=== Begin Enclosure ===

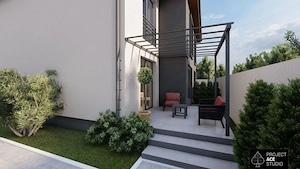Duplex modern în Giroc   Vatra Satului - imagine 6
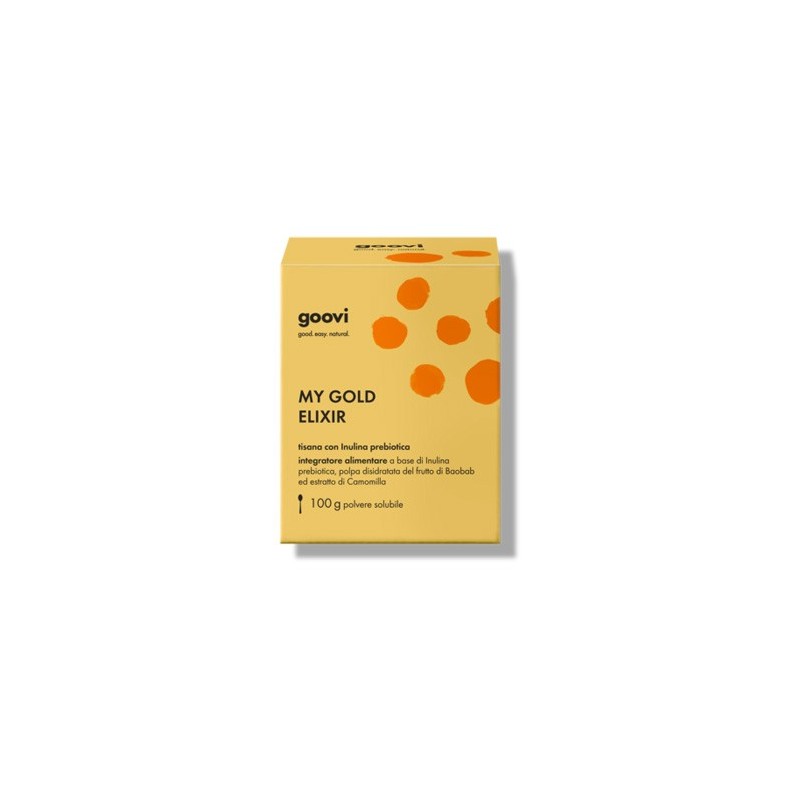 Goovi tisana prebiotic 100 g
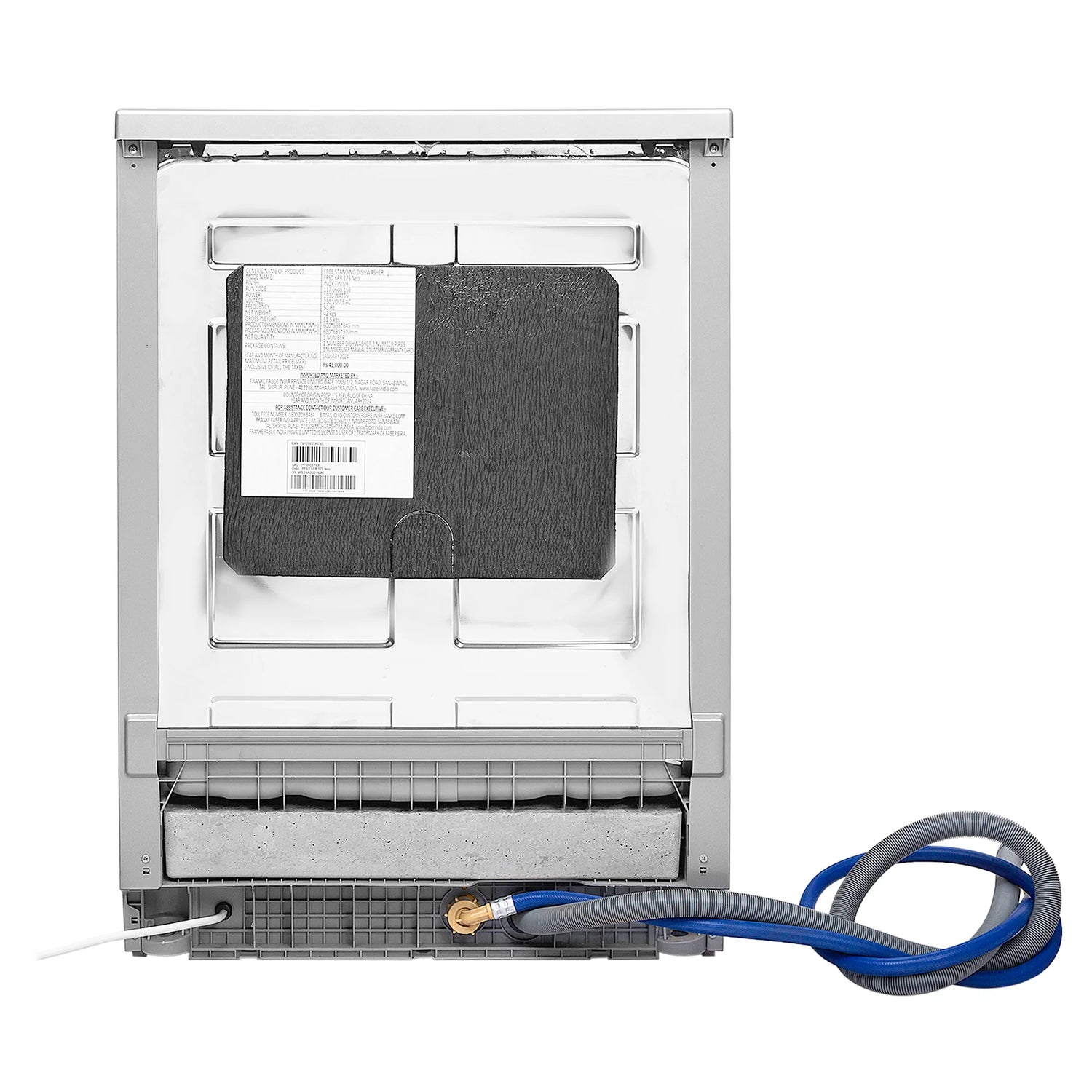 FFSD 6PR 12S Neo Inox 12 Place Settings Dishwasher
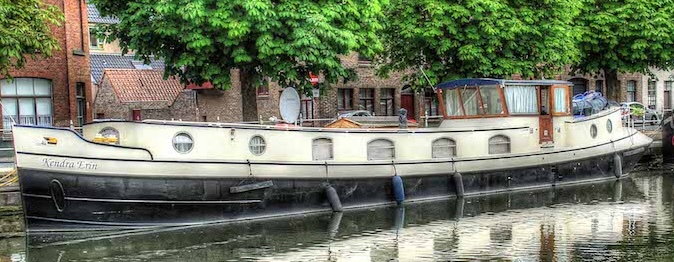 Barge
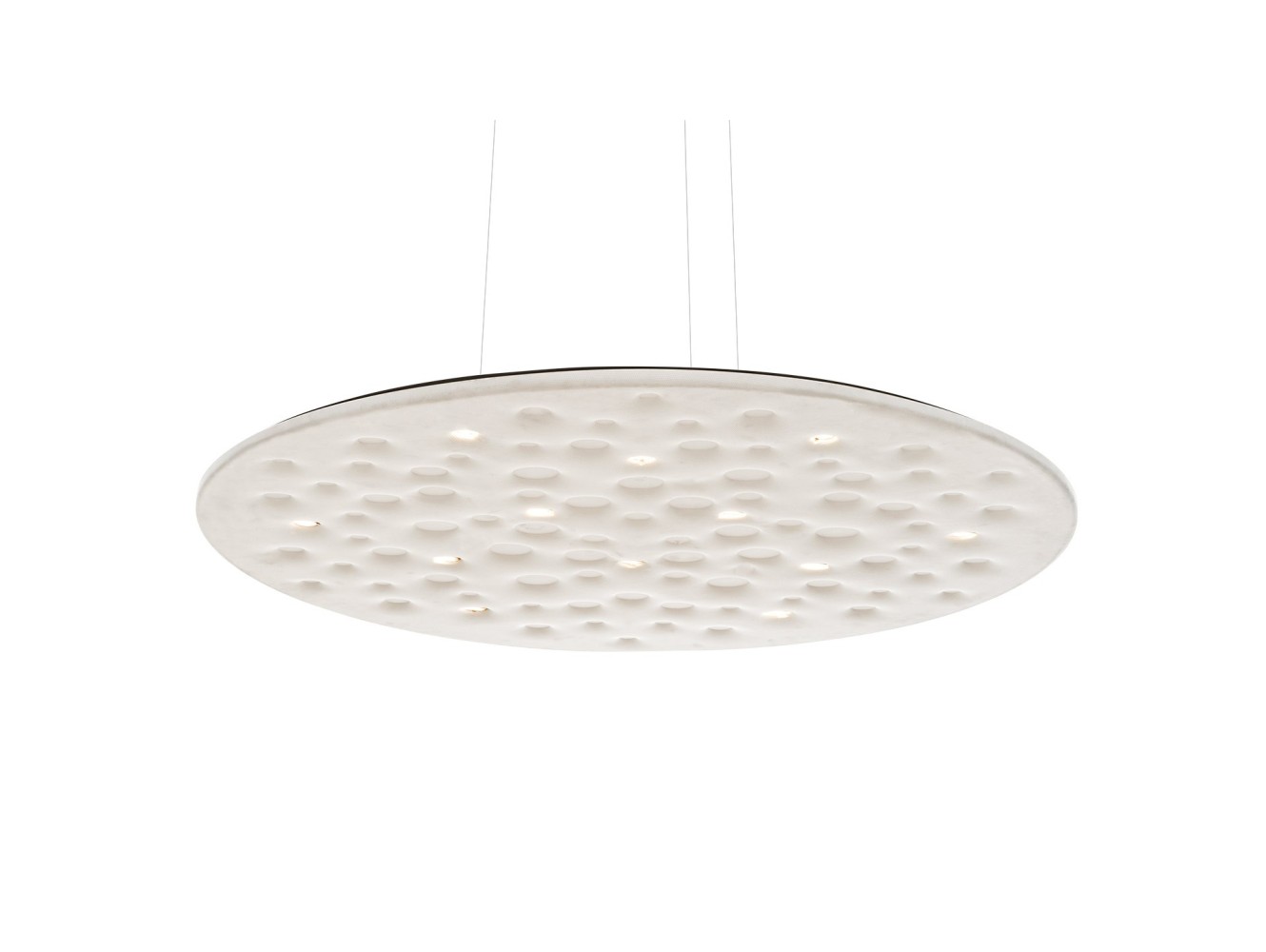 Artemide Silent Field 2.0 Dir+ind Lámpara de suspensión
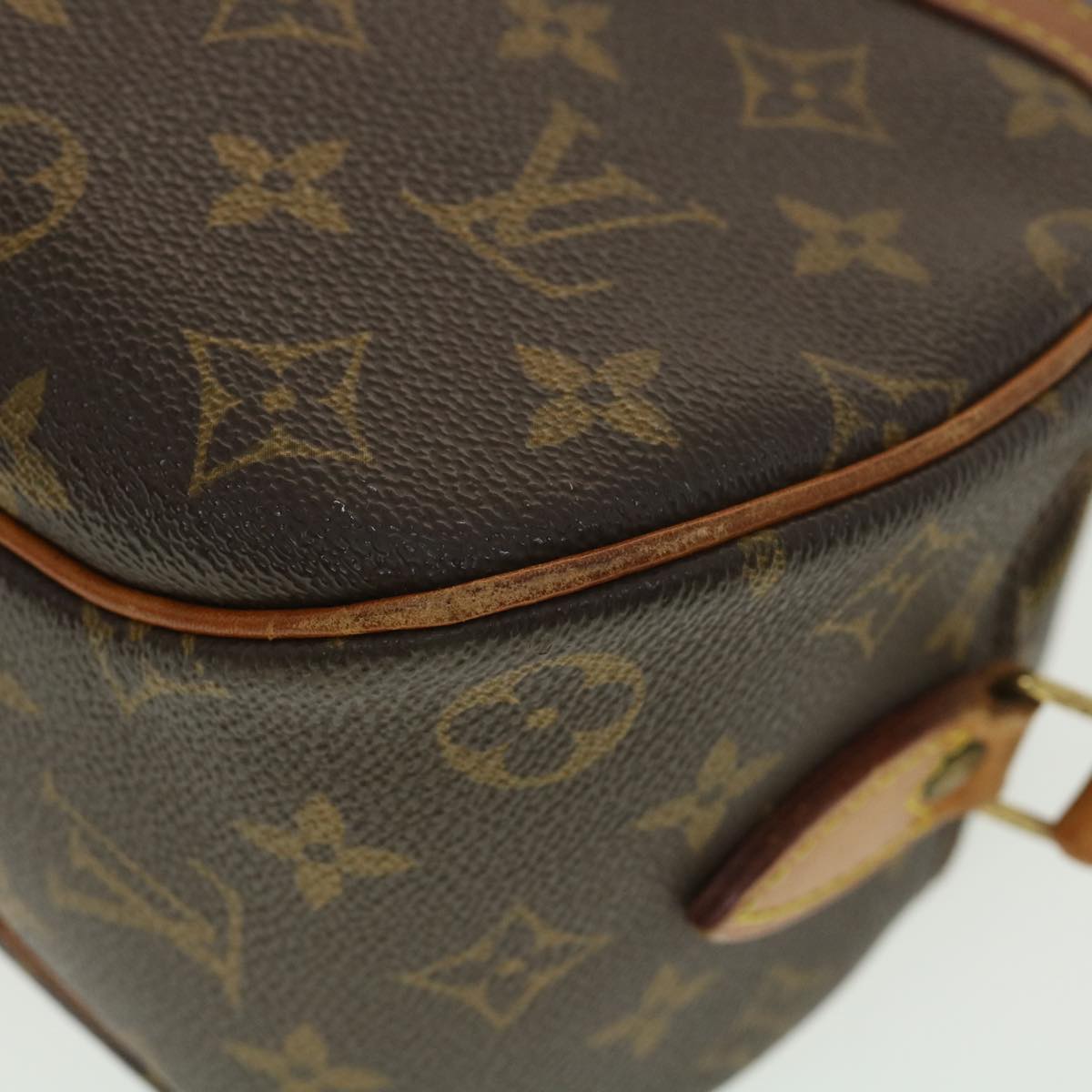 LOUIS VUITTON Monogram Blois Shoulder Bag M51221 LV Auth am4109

=== End Enclosure ===
=== Begin Enclosure ===

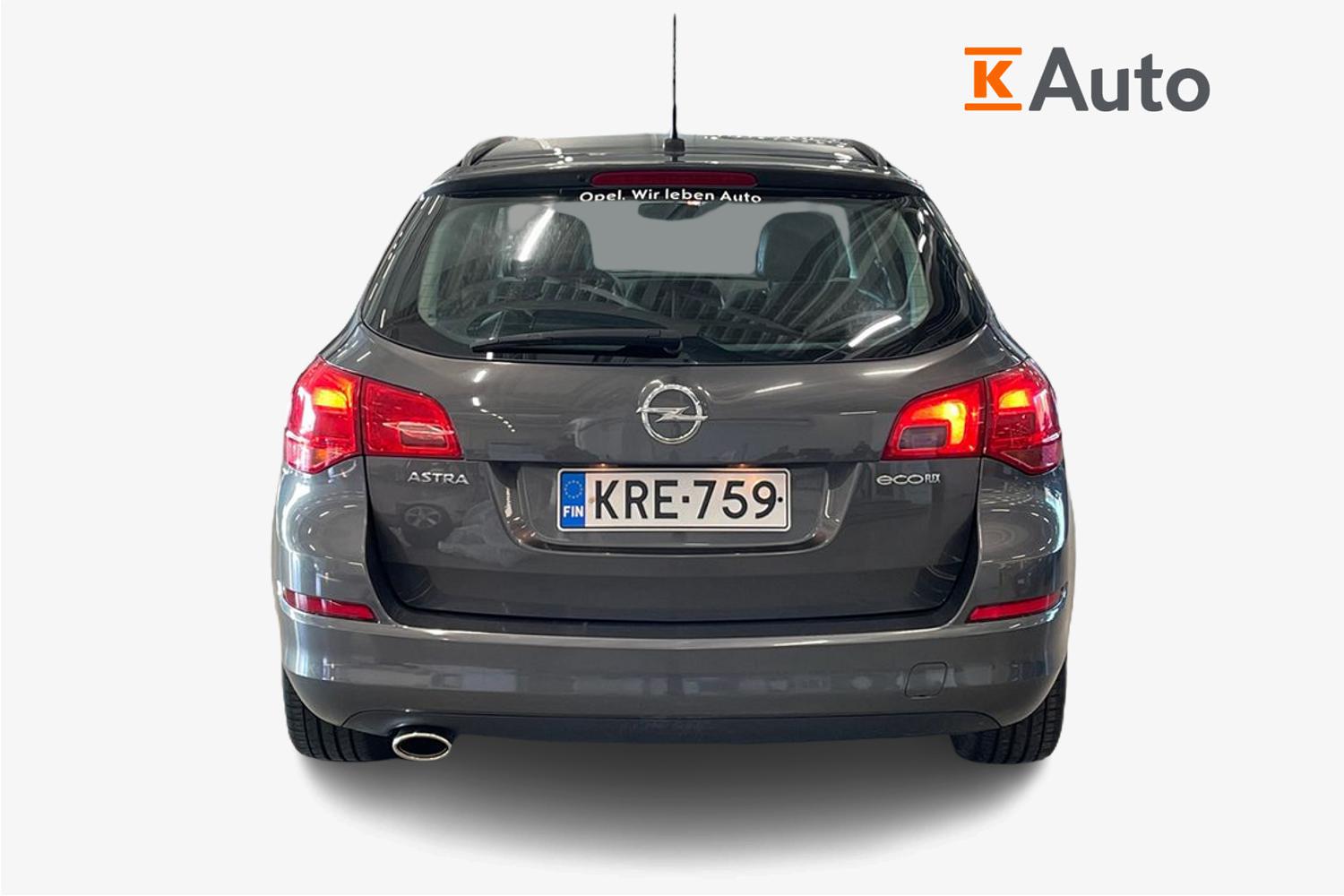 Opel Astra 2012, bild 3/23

=== End Enclosure ===

Lines from the one above containing "FFSD 6PR 12S" down to the one containing "LOUIS VUITTON Monogram" should be transcribed exactly, with both ends kept and no pictures.

 FFSD 6PR 12S Neo Inox 12 Place Settings Dishwasher
 Barge
 Artemide Silent Field 2.0 Dir+ind Lámpara de suspensión
 LOUIS VUITTON Monogram Blois Shoulder Bag M51221 LV Auth am4109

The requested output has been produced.